Pictures with short captions

────────────────

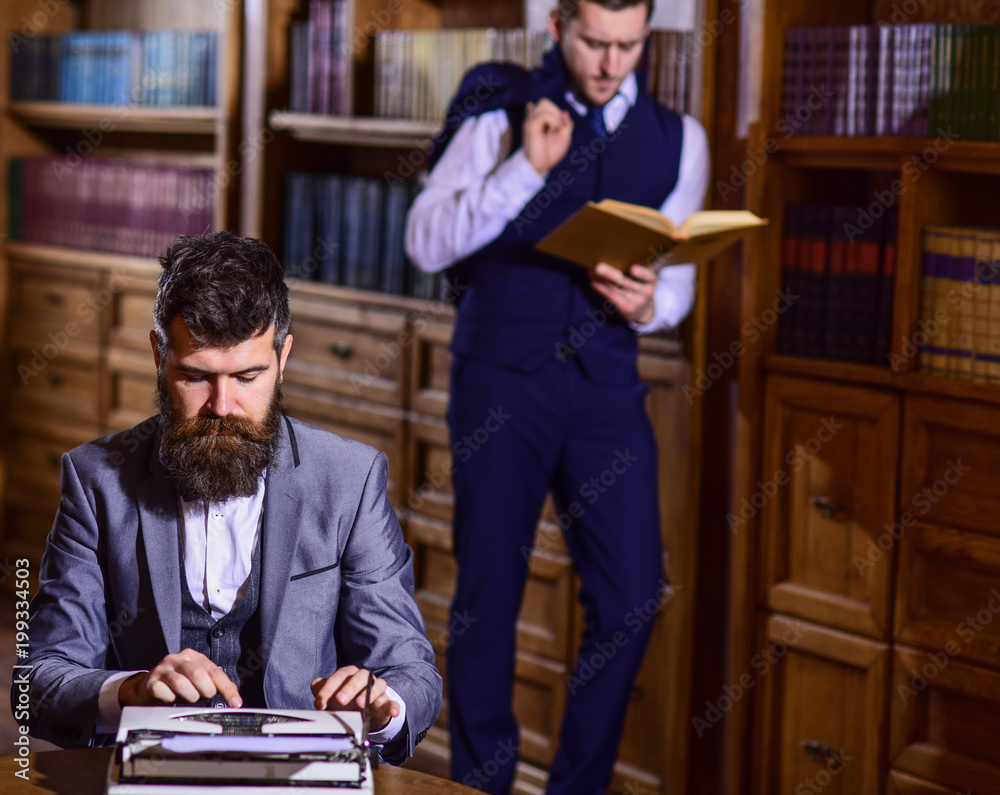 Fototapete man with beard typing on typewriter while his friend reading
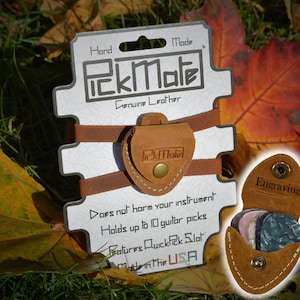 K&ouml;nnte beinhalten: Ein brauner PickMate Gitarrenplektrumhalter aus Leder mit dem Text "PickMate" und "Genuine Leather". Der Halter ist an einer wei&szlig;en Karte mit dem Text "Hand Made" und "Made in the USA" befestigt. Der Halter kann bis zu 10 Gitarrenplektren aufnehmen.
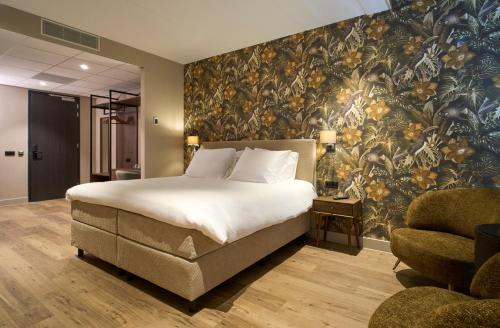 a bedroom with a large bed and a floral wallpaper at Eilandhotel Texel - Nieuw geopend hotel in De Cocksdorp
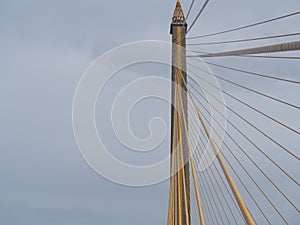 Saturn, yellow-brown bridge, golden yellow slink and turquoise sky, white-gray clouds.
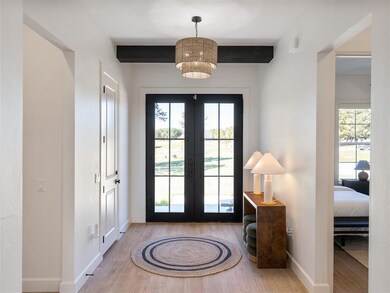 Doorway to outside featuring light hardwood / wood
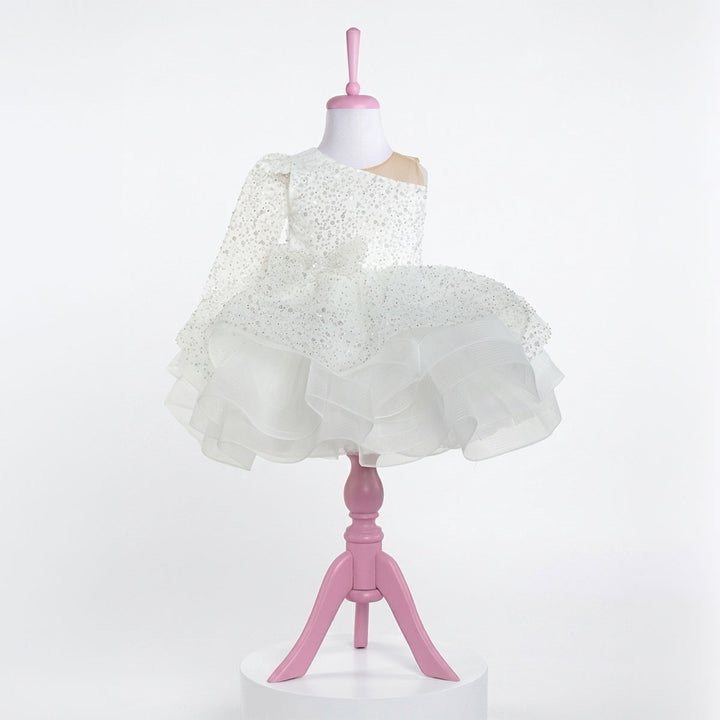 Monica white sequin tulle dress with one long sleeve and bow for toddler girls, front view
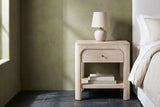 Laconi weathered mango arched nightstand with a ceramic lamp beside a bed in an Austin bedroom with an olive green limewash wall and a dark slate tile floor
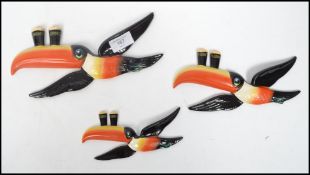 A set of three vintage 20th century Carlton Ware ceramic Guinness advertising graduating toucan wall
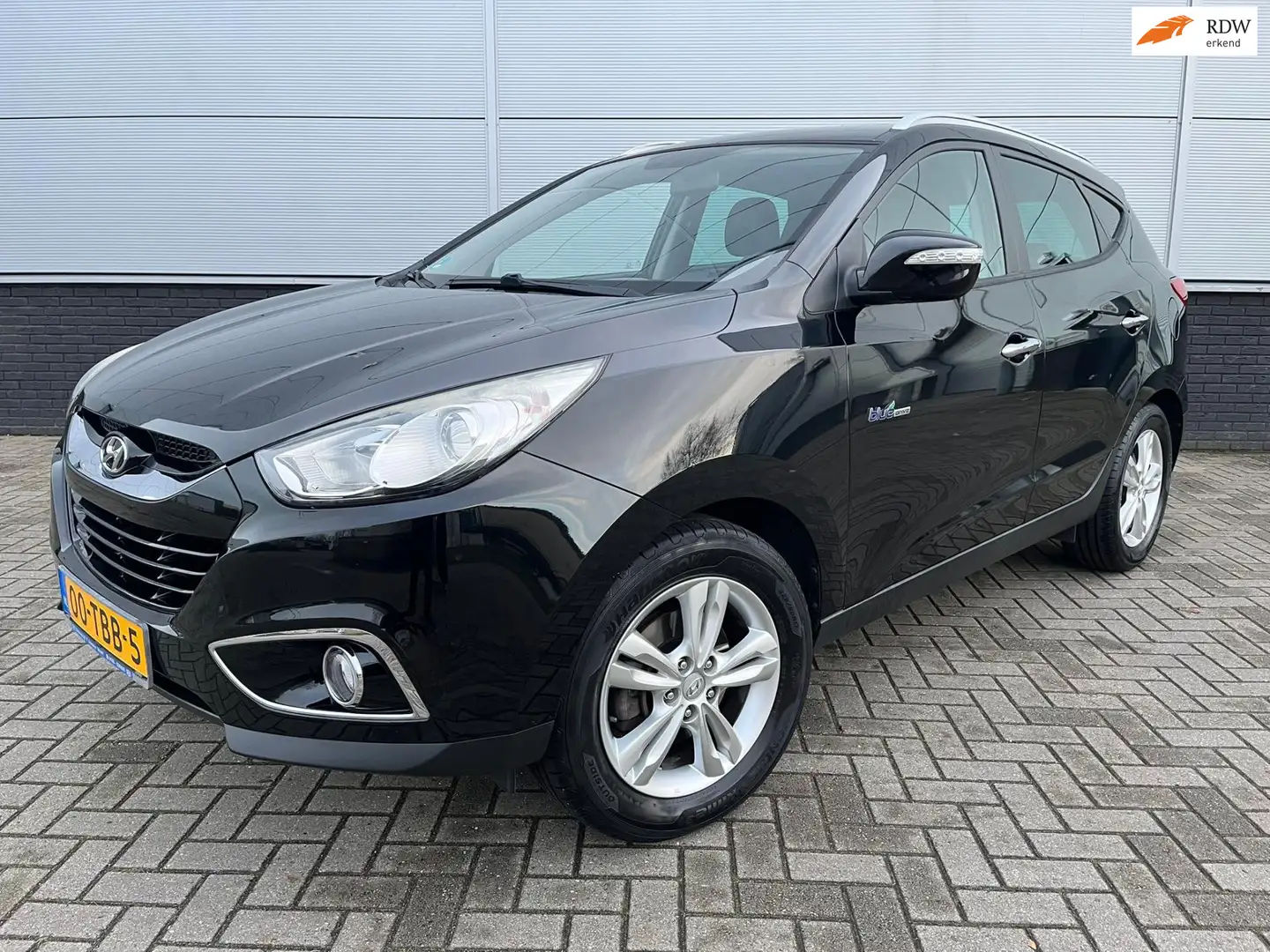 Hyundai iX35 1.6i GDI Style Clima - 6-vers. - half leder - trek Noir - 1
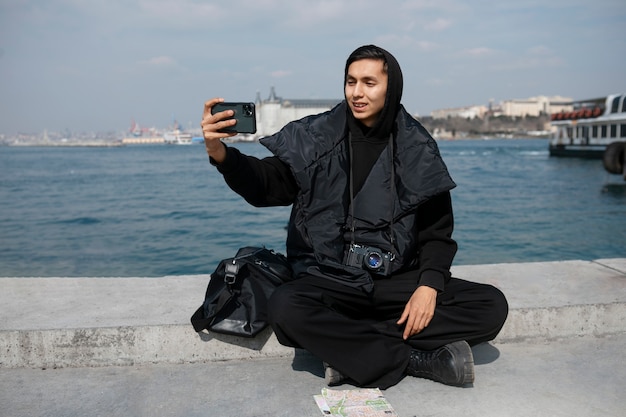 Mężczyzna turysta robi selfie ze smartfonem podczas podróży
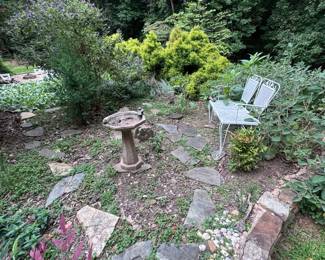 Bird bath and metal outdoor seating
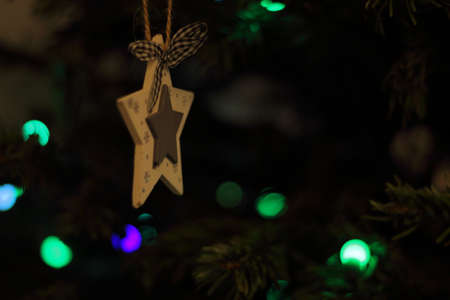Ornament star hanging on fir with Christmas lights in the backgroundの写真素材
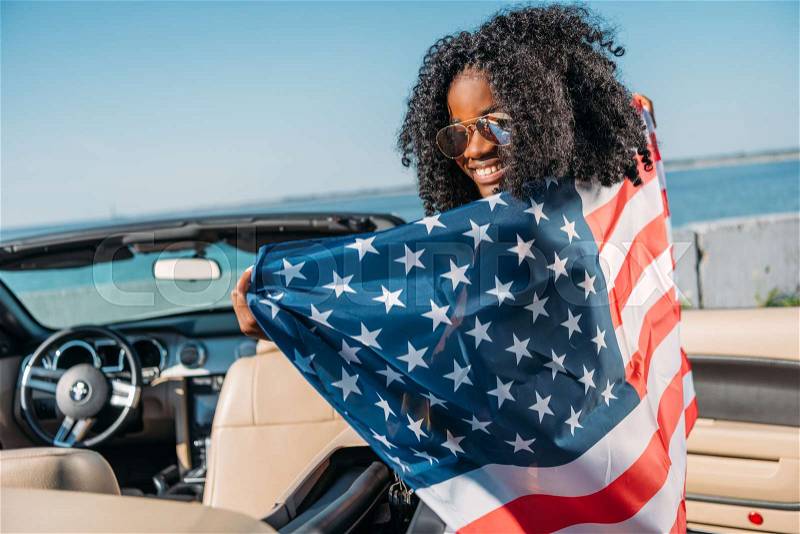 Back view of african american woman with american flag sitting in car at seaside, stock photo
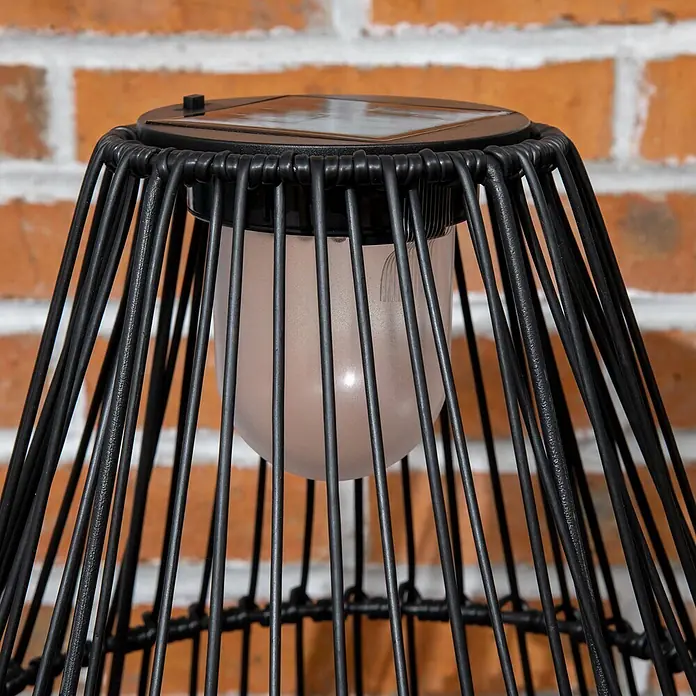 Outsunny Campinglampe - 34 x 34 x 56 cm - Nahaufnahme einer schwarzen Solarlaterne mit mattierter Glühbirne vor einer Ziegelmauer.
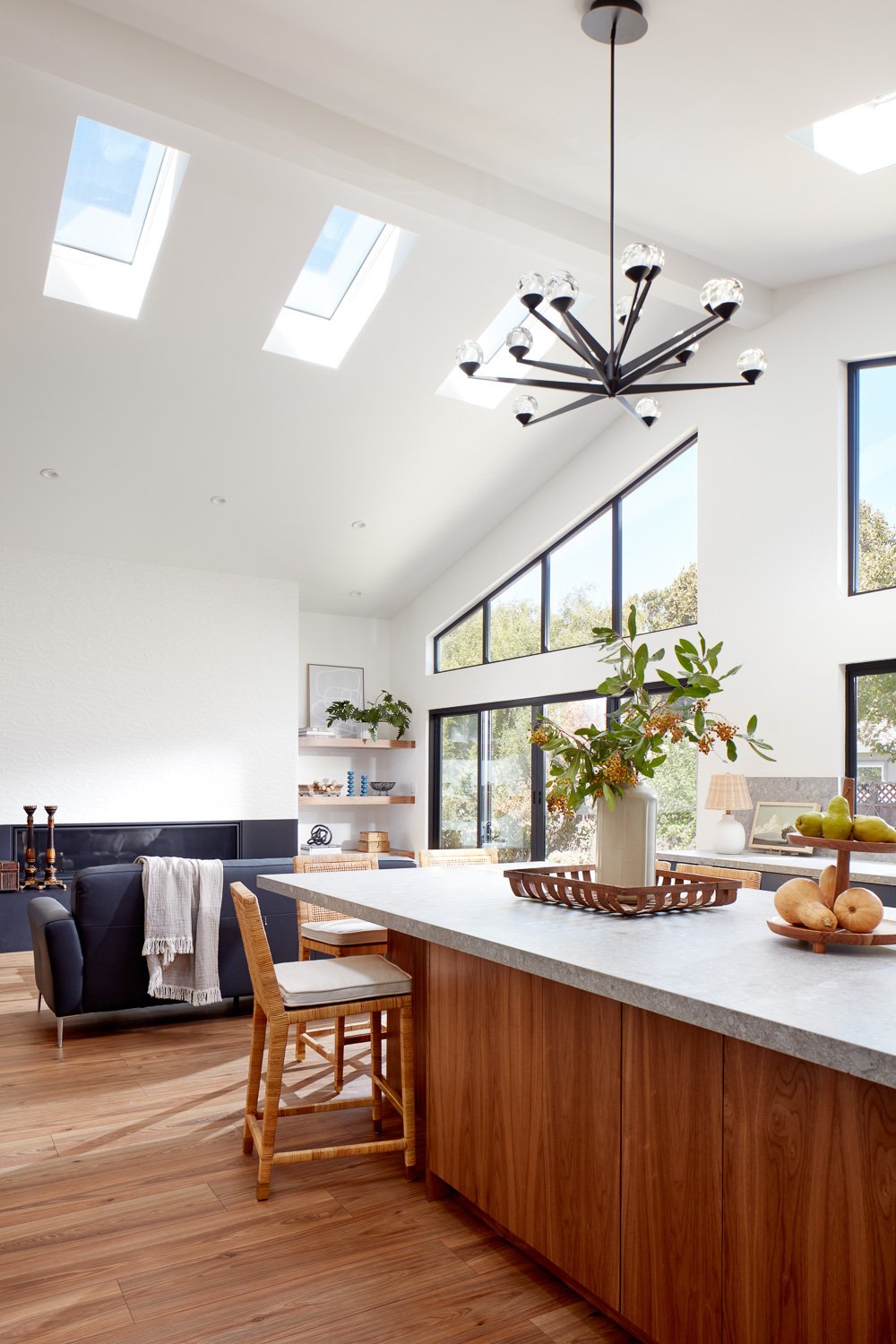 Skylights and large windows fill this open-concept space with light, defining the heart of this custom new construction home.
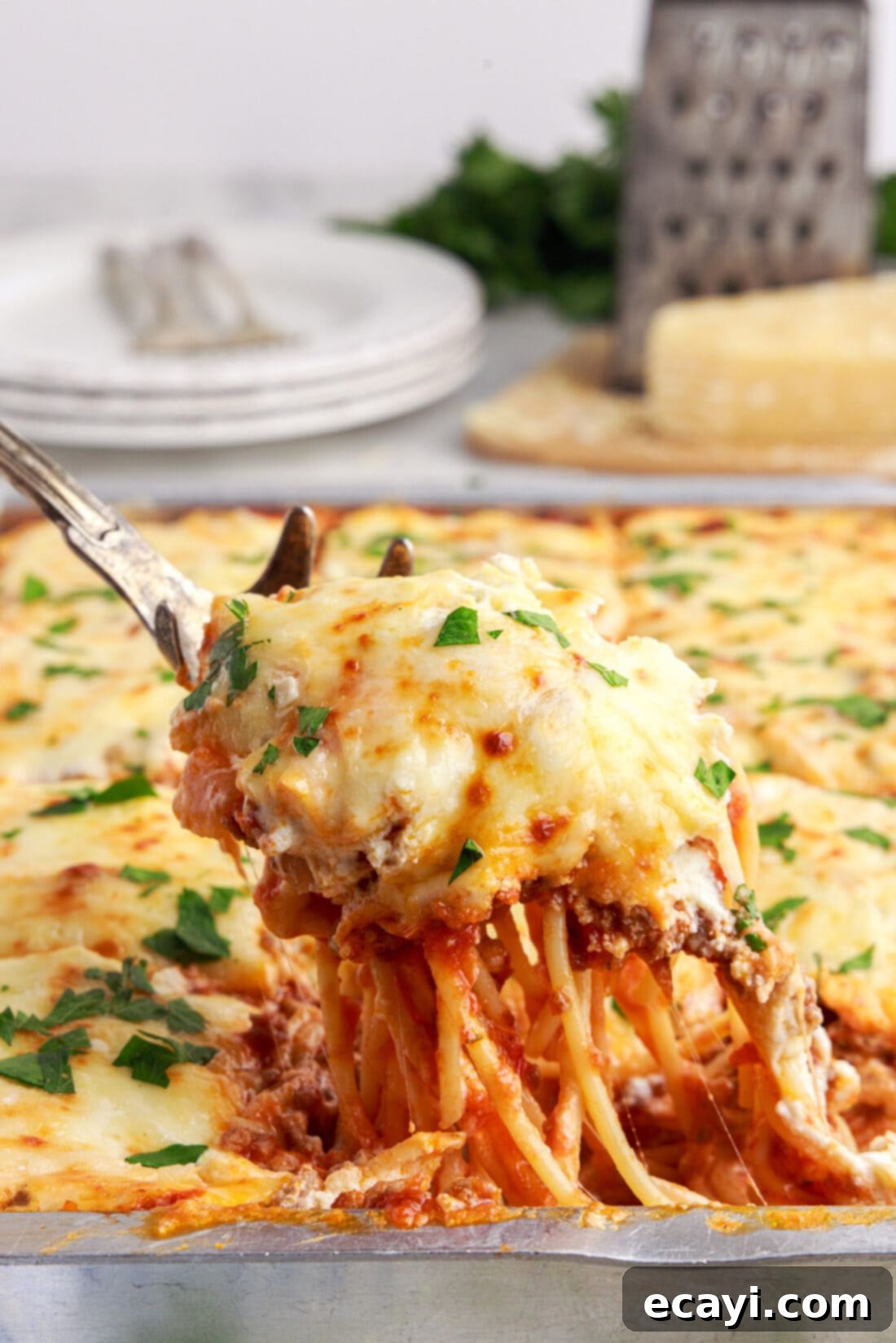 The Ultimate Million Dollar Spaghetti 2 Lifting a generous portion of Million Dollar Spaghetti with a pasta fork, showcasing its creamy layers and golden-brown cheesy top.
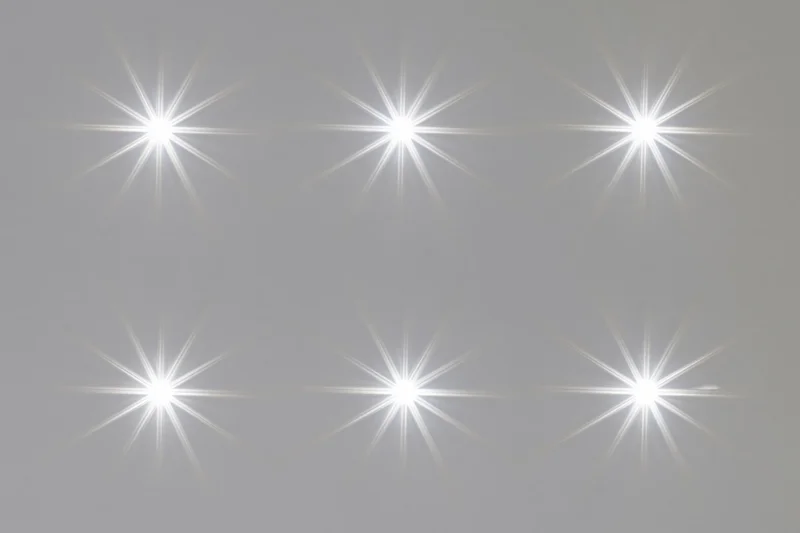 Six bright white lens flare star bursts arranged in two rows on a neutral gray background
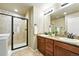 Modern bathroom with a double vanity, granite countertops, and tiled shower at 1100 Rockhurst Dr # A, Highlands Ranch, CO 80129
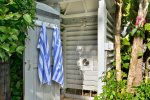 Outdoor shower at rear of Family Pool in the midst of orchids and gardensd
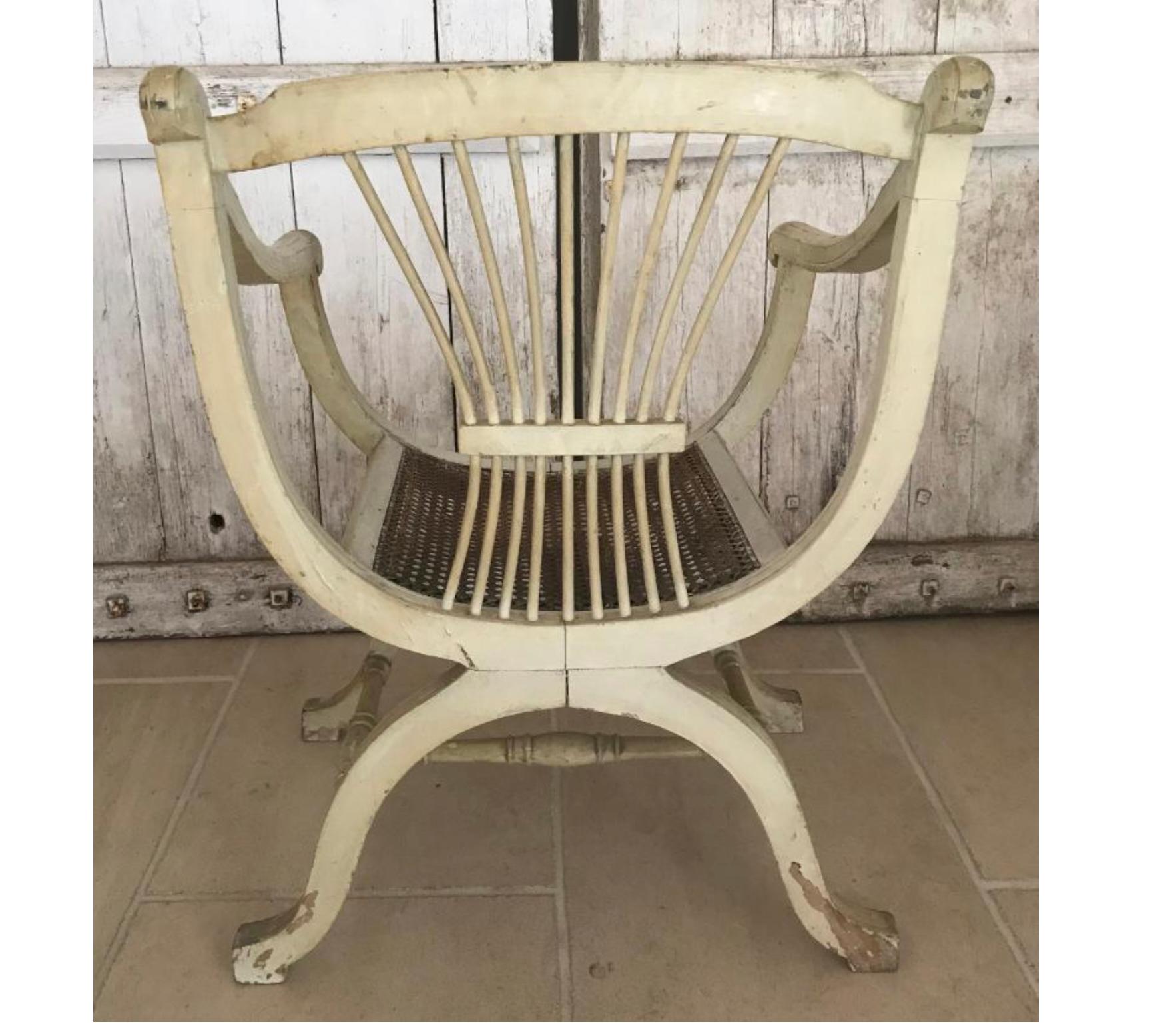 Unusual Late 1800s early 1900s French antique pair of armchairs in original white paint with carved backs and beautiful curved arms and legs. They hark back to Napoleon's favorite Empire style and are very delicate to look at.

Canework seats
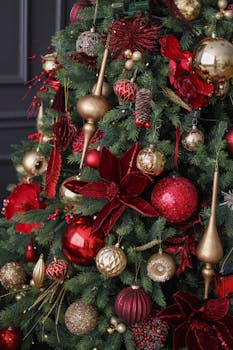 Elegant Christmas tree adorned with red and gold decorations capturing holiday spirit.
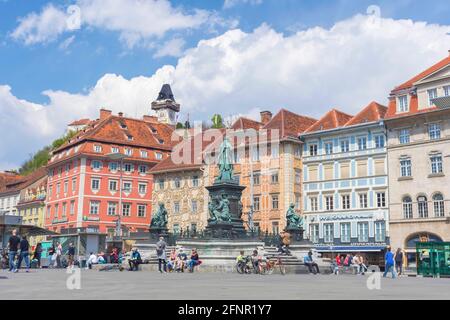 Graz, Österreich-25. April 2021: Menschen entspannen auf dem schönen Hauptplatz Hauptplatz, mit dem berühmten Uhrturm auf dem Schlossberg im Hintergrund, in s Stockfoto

────────────────

Task details: Return each line above word for word. Skip the pictures.

Task answer:
 Fototapete man with beard typing on typewriter while his friend reading
 K&ouml;nnte beinhalten: Ein brauner PickMate Gitarrenplektrumhalter aus Leder mit dem Text "PickMate" und "Genuine Leather". Der Halter ist an einer wei&szlig;en Karte mit dem Text "Hand Made" und "Made in the USA" befestigt. Der Halter kann bis zu 10 Gitarrenplektren aufnehmen.
 a bedroom with a large bed and a floral wallpaper at Eilandhotel Texel - Nieuw geopend hotel in De Cocksdorp
 Saturn, yellow-brown bridge, golden yellow slink and turquoise sky, white-gray clouds.
 Doorway to outside featuring light hardwood / wood
 Monica white sequin tulle dress with one long sleeve and bow for toddler girls, front view
 Laconi weathered mango arched nightstand with a ceramic lamp beside a bed in an Austin bedroom with an olive green limewash wall and a dark slate tile floor
 A set of three vintage 20th century Carlton Ware ceramic Guinness advertising graduating toucan wall
 Hyundai iX35 1.6i GDI Style Clima - 6-vers. - half leder - trek Noir - 1
 Mężczyzna turysta robi selfie ze smartfonem podczas podróży
 Bird bath and metal outdoor seating
Ornament star hanging on fir with Christmas lights in the backgroundの写真素材
 Back view of african american woman with american flag sitting in car at seaside, stock photo
 Outsunny Campinglampe - 34 x 34 x 56 cm - Nahaufnahme einer schwarzen Solarlaterne mit mattierter Glühbirne vor einer Ziegelmauer.
 Skylights and large windows fill this open-concept space with light, defining the heart of this custom new construction home.
 The Ultimate Million Dollar Spaghetti 2 Lifting a generous portion of Million Dollar Spaghetti with a pasta fork, showcasing its creamy layers and golden-brown cheesy top.
 Six bright white lens flare star bursts arranged in two rows on a neutral gray background
 Modern bathroom with a double vanity, granite countertops, and tiled shower at 1100 Rockhurst Dr # A, Highlands Ranch, CO 80129
 Outdoor shower at rear of Family Pool in the midst of orchids and gardensd
 Unusual Late 1800s early 1900s French antique pair of armchairs in original white paint with carved backs and beautiful curved arms and legs. They hark back to Napoleon's favorite Empire style and are very delicate to look at.

Canework seats
 Elegant Christmas tree adorned with red and gold decorations capturing holiday spirit.
 Graz, Österreich-25. April 2021: Menschen entspannen auf dem schönen Hauptplatz Hauptplatz, mit dem berühmten Uhrturm auf dem Schlossberg im Hintergrund, in s Stockfoto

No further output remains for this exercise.